Having won three of the four tournaments they entered during the fall semester portion of their season, including a resounding 21-stroke victory at the Rainbow Wahine Invitational in Hawaii last week, the Cougars are one of the hottest teams in women's college golf right now.

But they won't tee it up again until February of 2016 when the spring portion of their split season resumes at The Gold Rush tournament in Seal Beach, Calif.

It was easily the most successful semester for the BYU women in school history, said sixth-year coach Carrie Summerhays Roberts, daughter of former Champions Tour winner Bruce Summerhays and cousin of PGA Tour regular Daniel Summerhays, also a BYU graduate.

Despite winning in Hawaii and being one of only two programs to have won three tournaments this fall (Kent State is the other), the Cougars dropped from No. 26 to No. 28 in the Golfstat.com national rankings released Wednesday.

"It feels awesome," Roberts said of the team's spectacular fall play. "It's great to see the girls' hard work pay off. It is satisfying to be able to have such a deep team of talented players who can score well on any given day."

Roberts believes four tournament wins in an entire season (fall and spring) is the BYU women's golf record; The Cougars will chase that mark next spring with four tournaments on the docket, including their own BYU Entrada Classic in St. George, before the West Coast Conference championships in mid-April.

A combination of returning players improving their games and the addition of freshman Rose Huang, a highly recruited junior golf star from Hawaii, has propelled the team to new heights, Roberts said.

"We knew we had great players, and it just all kind of came together this fall," she said. "Rose coming to BYU just added one more great player to the mix, so if somebody has an off day, there is somebody to pick it up."

Playing on a course she grew up playing on in Wahiawa, Hawaii, Huang won medalist honors at the tournament last week, while teammate Brooklyn Anderson Hocker, a junior from Idaho Falls, placed third. Sophomore Kendra Dalton tied for eighth, TCU transfer Alexandra White placed 19th and senior Lea Garner tied for 26th.

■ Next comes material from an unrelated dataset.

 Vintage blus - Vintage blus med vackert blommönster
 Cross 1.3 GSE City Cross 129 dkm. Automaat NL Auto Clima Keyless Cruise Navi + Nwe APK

Dalton, who is from Wake Forest, N.C., recorded back-to-back runnerup finishes at tournaments in Oregon and New Mexico before making eight birdies and posting a 7-under 65 in the final round in Hawaii.

"I think our success can be attributed to a combination of a few things," Dalton said. "Our team works super hard. I've never seen girls work harder. I also think the mental toughness helps a lot. We work a lot on being resilient so we are able to handle adversity on the course, and also handle success. When we play well, we are able to go play well again."

The team's 9-under-par 279 the final day in Hawaii tied a record set in 2006 under coach Sue Nyhus.

Huang, the 17th-ranked junior in the country in high school, is not LDS, but her father works at BYU-Hawaii and she was familiar with the Provo school's honor code and culture. She was a big get for Roberts' program.

"We were actually told about her by a professor years ago," Roberts said. "So we started following her, reached out to her, and stayed with her throughout the years, and as she moved up the ranks and got better and better, we [offered] her early and she committed. She has been a great fit."

White, the Texan, tied for second with Dalton in New Mexico and placed fourth in the season-opening Ptarmigan Ram Classic in Colorado, the first tournament the Cougars won.

"Coach Roberts has created an atmosphere where we are all really supportive of one another," Dalton said. "There are other teams where some girls aren't happy that they aren't traveling. It is not like that on our team. We push each other every day, challenge each other and when everybody wants to get along and be with one another, it makes a big difference."

And produces a lot of wins.

Twitter: @drewjay —

BYU women's golf fall highlights

• Coach Carrie Summerhays Roberts' Cougars won three of the four tournaments they entered and finished fourth in the other.

• Highly recruited freshman Rose Huang of Honolulu's Iolani School won the recent Rainbow Wahine Invitational in her return to her home state and home course.

• At the completion of the fall portion for the split-season sport, BYU is ranked 28th nationally and one of only two programs with three tournament wins.